Don't worry Tom. The deeper areas will stay darker longer than the rest. And always make sure the previous coat is set up enough and ready for another coat. I may sometimes pre fill deeper areas with 5 or 20 depending on amounts needed.

Same effect as ready mix in a can. Never coat a prior coat till it's 100% dry. We've all learned that lesson.


----------



## Easy Gibson (Dec 3, 2010)

Do you guys ever bring Structolite(sp?) into the equation, or do you use the Easy 20/45 for that purpose? Once I found out about it I was in love, but a lot of guys I've met don't even know it exists.


----------



## TAHomeRepairs (Jun 18, 2012)

Easy Gibson said:


> Do you guys ever bring Structolite(sp?) into the equation, or do you use the Easy 20/45 for that purpose? Once I found out about it I was in love, but a lot of guys I've met don't even know it exists.


What is it? I'm one of those guys.

Edit, just googled . Never used ,some patches I use plaster some get hot mud, depends.


----------



## Tom M (Jan 3, 2007)

Easy Gibson said:


> Do you guys ever bring Structolite(sp?) into the equation, or do you use the Easy 20/45 for that purpose? Once I found out about it I was in love, but a lot of guys I've met don't even know it exists.

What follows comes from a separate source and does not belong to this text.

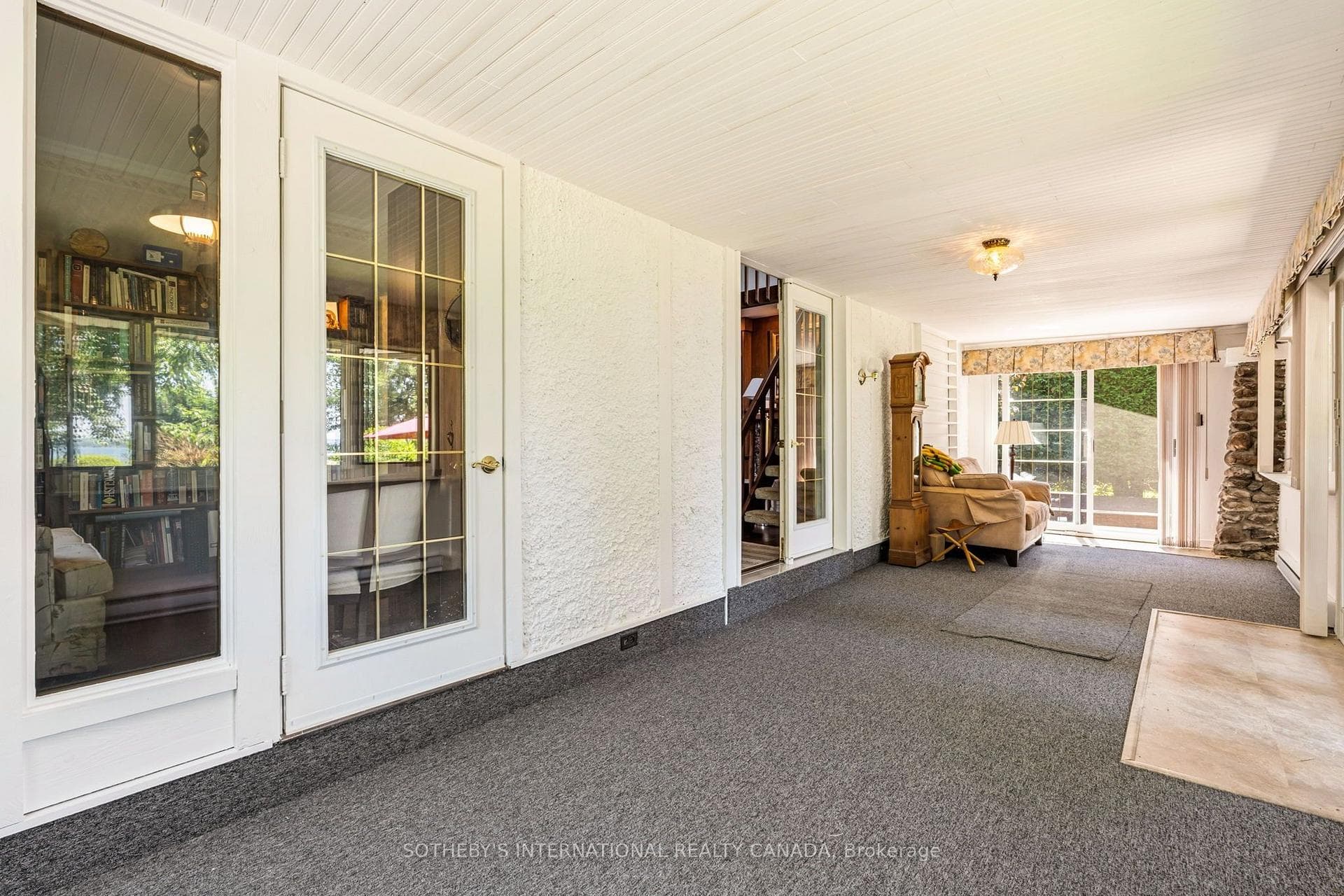 Enclosed front porch.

I think my rocker uses it on plaster or big gaps. Then top off. Not sandable really, neither is easy sand really.. I think my plumber used to set tubs & bases in the stuff too.

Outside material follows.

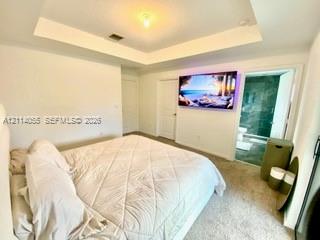 Tray ceiling, neutral carpeting, and solid-core in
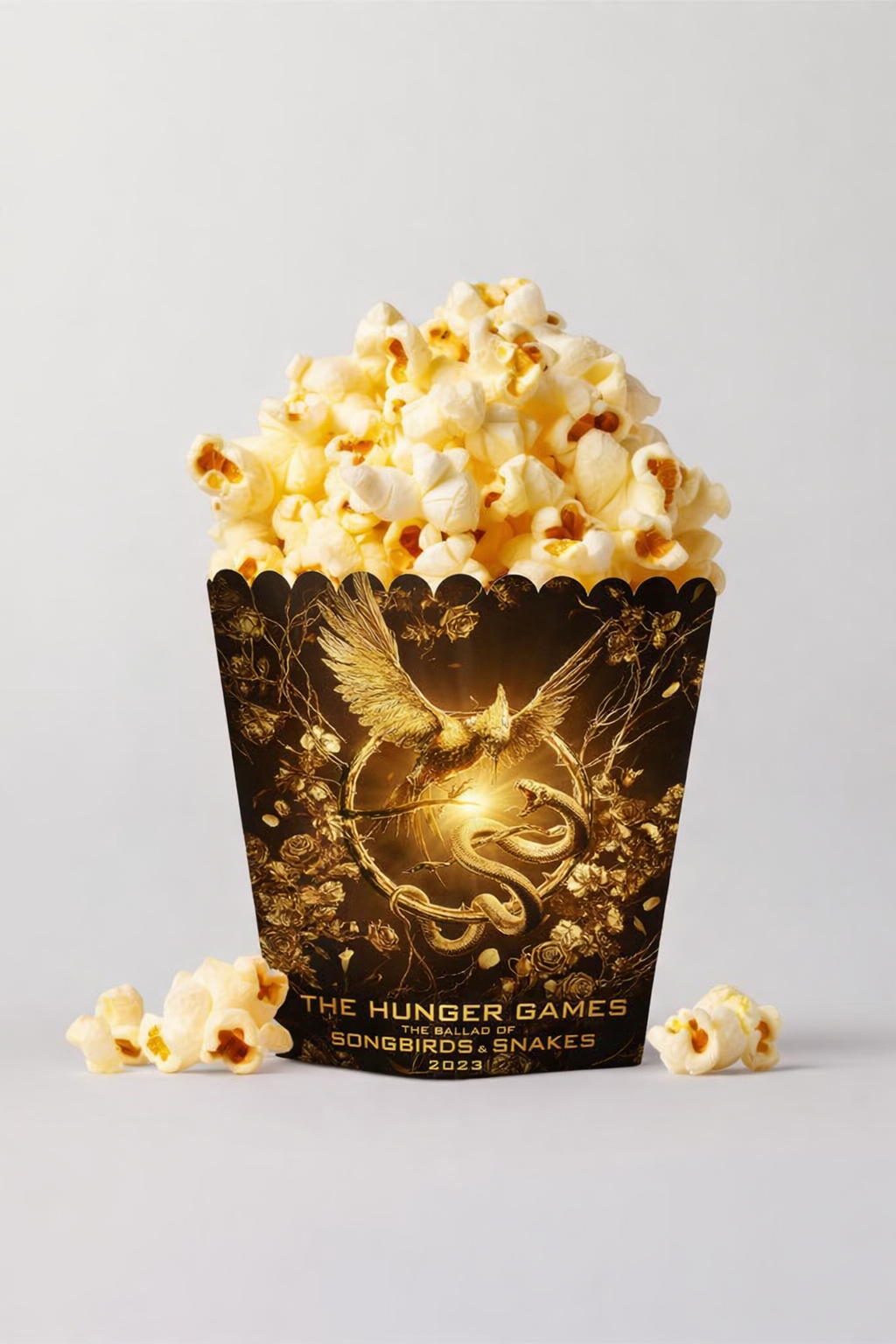 A bucket of popcorn with a Hunger Games themed design featuring a mockingjay and snake emblem, with the text "The Hunger Games: The Ballad of Songbirds and Snakes 2023."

I had to buy a few heavier grit sponges for when I use the easy and miss a feather edge.


----------



## Easy Gibson (Dec 3, 2010)

I don't think the Easy sands too badly. The Structolite is definitely only for major buildup though. Hard messy sanding.

Like TA said it's great for filling plaster and lathe gaps where the plaster has chunked off in places.


----------



## Mountain Man (Jun 3, 2013)

Easy Gibson said:


> I don't think the Easy sands too badly. The Structolite is definitely only for major buildup though. Hard messy sanding.
> 
> Like TA said it's great for filling plaster and lathe gaps where the plaster has chunked off in places.


Structolite is a plaster base coat.


----------



## WarriorWithWood (Jun 30, 2007)

BUTCHERMAN said:


> Where do you find quick set lite 5? I can use that stuff.


Search on amazon or home depot if you don't have a local drywall supplier. You can buy small boxes of it. I've never seen full bags though. I only use it for small repairs. I've mixed it in my mud pan and had the homeowner start talking. As soon as I got back to it my knife was stuck in a rock hard pan full. I had to beat it out with a hammer.


----------



## Red Adobe (Jul 26, 2008)

I use a fine wire mesh collander for a 2 qt pot. If i hold my tongue just right a can handle the bag with right arm and hold the mesh with the other. ( I do this at home so customer dodnt see it)


----------